Task item.
Restate word for word, and only, the lines that extend from the line containing "Small Jetty In" through the end of the records below.
Start of Provided data
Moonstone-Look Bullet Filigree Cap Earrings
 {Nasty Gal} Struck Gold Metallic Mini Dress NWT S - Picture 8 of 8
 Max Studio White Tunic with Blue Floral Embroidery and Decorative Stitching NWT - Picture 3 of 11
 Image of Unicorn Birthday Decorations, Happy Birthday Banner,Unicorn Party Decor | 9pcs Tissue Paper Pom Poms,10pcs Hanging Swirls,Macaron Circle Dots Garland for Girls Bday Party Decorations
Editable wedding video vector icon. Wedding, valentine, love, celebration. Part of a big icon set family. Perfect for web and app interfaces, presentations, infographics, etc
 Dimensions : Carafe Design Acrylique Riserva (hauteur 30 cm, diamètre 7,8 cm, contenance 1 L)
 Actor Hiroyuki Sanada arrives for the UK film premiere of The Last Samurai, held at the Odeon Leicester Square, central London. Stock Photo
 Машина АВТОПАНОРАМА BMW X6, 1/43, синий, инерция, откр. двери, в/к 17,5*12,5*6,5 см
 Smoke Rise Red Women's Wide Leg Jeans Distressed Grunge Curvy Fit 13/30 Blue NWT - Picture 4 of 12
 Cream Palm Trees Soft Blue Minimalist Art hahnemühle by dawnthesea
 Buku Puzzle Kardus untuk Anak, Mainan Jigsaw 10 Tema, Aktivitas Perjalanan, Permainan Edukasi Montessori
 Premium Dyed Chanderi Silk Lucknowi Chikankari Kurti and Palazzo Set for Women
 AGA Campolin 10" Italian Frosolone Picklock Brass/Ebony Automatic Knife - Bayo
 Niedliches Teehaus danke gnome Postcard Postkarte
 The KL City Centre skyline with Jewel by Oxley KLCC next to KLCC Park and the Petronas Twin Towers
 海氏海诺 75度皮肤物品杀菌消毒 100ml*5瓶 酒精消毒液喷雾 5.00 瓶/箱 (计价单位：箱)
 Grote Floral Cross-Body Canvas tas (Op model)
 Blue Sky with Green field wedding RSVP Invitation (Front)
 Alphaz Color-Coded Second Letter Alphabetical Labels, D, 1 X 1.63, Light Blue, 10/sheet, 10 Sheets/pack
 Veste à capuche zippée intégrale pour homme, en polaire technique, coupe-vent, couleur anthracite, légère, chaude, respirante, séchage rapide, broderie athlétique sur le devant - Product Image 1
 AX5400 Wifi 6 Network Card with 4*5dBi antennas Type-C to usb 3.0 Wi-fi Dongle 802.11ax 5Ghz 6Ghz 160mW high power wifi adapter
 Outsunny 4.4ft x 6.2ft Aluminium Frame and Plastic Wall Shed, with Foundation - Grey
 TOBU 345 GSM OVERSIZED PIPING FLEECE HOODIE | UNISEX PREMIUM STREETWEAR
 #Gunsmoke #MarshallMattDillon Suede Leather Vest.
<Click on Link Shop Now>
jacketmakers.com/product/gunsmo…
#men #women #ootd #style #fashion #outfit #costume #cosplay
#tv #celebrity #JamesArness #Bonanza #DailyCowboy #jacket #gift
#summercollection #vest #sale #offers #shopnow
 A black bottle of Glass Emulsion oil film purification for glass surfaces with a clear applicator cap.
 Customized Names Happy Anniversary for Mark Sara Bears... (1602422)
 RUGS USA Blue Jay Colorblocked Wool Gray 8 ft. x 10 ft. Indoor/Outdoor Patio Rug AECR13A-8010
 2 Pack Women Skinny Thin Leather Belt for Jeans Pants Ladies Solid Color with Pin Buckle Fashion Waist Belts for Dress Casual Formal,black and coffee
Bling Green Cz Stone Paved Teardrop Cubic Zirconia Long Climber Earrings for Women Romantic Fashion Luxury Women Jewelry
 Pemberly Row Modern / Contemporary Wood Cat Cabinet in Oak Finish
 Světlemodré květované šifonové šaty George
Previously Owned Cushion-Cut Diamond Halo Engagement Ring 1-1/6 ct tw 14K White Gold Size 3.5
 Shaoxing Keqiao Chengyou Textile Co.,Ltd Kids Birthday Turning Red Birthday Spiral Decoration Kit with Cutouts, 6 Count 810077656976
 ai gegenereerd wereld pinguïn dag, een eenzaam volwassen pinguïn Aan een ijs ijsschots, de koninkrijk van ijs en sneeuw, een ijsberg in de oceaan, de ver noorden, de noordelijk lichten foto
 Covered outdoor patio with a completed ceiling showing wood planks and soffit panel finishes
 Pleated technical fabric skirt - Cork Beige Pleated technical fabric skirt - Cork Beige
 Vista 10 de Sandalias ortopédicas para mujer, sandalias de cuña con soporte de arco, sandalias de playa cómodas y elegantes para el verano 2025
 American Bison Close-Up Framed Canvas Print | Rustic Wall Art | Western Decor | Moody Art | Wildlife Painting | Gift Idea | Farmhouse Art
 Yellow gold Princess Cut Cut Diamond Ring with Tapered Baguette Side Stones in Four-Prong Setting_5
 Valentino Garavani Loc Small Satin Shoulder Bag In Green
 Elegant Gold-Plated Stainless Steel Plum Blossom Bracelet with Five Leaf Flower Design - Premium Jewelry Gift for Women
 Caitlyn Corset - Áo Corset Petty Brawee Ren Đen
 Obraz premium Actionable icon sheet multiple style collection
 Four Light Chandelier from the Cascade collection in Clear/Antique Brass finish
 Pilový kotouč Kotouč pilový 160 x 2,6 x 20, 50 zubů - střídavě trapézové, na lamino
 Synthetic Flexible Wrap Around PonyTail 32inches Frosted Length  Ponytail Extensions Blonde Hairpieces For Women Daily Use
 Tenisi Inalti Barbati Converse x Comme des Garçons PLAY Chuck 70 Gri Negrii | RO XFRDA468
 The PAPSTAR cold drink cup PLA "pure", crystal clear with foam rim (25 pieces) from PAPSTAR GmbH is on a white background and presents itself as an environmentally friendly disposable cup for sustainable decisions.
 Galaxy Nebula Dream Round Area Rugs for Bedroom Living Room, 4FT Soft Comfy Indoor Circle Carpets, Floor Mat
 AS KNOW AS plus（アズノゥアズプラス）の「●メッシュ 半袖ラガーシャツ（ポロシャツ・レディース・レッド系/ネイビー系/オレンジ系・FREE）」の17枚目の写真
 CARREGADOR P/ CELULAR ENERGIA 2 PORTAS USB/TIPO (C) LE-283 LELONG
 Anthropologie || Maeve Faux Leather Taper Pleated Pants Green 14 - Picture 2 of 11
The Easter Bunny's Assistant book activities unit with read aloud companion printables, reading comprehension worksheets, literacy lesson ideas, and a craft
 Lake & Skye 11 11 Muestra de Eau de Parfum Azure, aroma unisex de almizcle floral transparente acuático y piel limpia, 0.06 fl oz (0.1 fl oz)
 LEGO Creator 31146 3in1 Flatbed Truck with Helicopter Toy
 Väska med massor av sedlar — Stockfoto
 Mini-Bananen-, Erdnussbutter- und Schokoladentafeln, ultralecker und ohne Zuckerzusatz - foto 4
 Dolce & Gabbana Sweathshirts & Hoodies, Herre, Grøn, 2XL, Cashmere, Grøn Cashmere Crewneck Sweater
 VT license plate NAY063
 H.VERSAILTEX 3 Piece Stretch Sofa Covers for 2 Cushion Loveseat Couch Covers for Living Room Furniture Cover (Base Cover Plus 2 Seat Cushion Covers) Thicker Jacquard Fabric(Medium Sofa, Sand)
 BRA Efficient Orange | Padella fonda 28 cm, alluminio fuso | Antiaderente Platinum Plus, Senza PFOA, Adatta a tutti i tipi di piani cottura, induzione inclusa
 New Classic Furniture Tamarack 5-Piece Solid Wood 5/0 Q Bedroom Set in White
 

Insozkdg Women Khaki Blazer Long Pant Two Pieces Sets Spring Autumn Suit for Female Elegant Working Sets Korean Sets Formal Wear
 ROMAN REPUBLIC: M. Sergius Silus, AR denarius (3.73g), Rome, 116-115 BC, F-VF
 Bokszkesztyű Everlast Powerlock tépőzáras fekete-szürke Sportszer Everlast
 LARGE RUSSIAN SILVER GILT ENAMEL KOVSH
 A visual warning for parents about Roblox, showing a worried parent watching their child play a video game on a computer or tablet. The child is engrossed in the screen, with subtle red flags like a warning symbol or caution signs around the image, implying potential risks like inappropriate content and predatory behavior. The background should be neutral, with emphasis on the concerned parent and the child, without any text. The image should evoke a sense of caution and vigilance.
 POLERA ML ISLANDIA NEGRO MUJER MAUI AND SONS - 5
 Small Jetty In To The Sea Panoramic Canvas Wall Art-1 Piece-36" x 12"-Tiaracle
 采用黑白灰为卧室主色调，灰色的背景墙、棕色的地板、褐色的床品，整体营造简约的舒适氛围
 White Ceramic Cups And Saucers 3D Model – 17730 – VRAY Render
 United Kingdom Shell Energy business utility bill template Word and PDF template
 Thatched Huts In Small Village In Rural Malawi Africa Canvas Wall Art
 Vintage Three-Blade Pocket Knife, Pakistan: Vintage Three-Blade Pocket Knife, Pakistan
End of Provided data
Solved problem.
 Small Jetty In To The Sea Panoramic Canvas Wall Art-1 Piece-36" x 12"-Tiaracle
 采用黑白灰为卧室主色调，灰色的背景墙、棕色的地板、褐色的床品，整体营造简约的舒适氛围
 White Ceramic Cups And Saucers 3D Model – 17730 – VRAY Render
 United Kingdom Shell Energy business utility bill template Word and PDF template
 Thatched Huts In Small Village In Rural Malawi Africa Canvas Wall Art
 Vintage Three-Blade Pocket Knife, Pakistan: Vintage Three-Blade Pocket Knife, Pakistan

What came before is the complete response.